▶ Activity:
Start to finish, print the data below exactly, without the images.

▶ Input data:
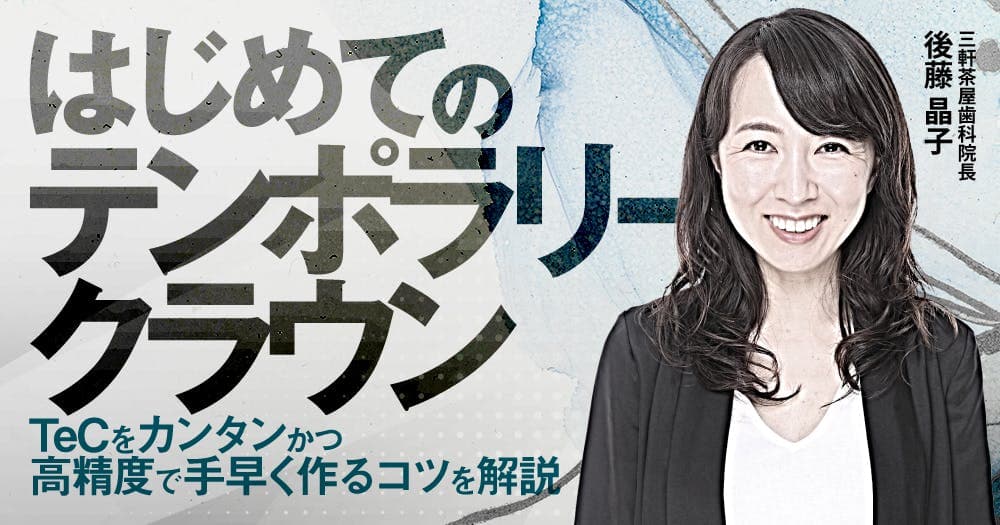 はじめての「テンポラリークラウン」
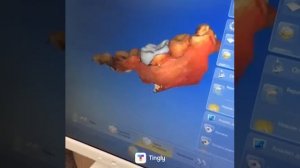 Сломался зуб? Вам на быстрое восстановление зуба коронкой в "32 Практика"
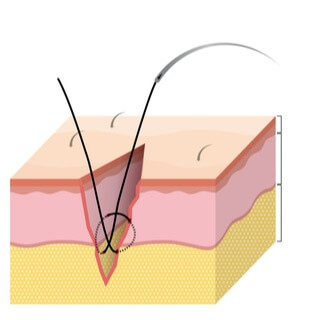 4. الغرز الدفينة (Buried sutures)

▶ Output for this task:
 はじめての「テンポラリークラウン」
 Сломался зуб? Вам на быстрое восстановление зуба коронкой в "32 Практика"
 4. الغرز الدفينة (Buried sutures)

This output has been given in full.